Every song on the album had writing contributions from The Rev, and the band has stated that over 60% of the album was written by him.

== Critical reception ==

Nightmare received generally positive reviews from music critics. At Metacritic, which assigns a normalized rating out of 100 to reviews from mainstream critics, the album received an average score of 62, based on 7 professional reviews, which indicates "generally favorable reviews".

In the August 2010 issue of Metal Hammer, Terry Beezer rated the album an eight out of ten. In his review, he praised the band members for their courage despite the death of The Rev and called it "the ultimate tribute to a fallen friend." He also praised Mike Portnoy for his part in the album and found him a fitting stand-in for The Rev.
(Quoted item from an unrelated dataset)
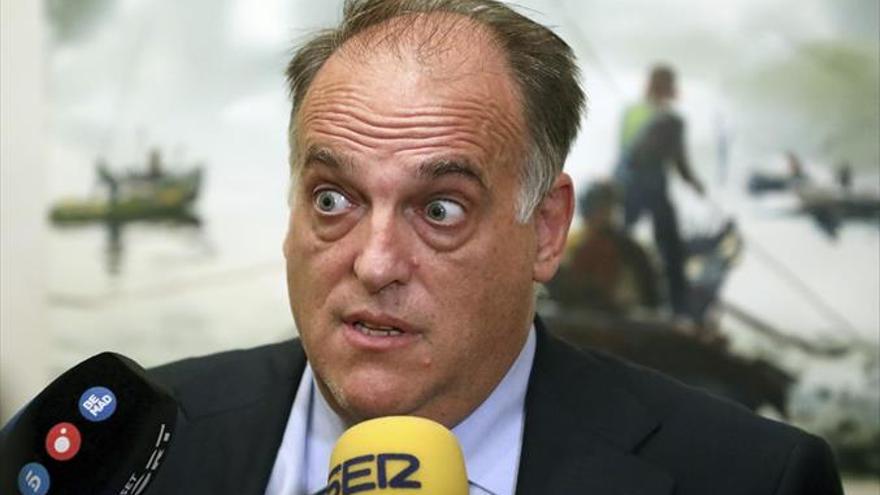 Javier Tebas ve posible una Liga sin Barça ni Espanyol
411 Mania gave the record a lengthy and highly positive review by giving it a score of 9.0/10. As a conclusion they stated, "If you're a fan of Avenged Sevenfold, Nightmare is a must-have for you. This album is incredibly moving and is better than any tribute to the late Rev I could have possibly imagined."

Kerrang! gave the album 4 K's out of 5 concluding: "Where Avenged [Sevenfold] go from here is still in the lap of the gods. Whatever their future, though, Nightmare marks the point at which the Huntington Beach crew put away childish things and became men. Wherever he is now, their brother must be immensely proud."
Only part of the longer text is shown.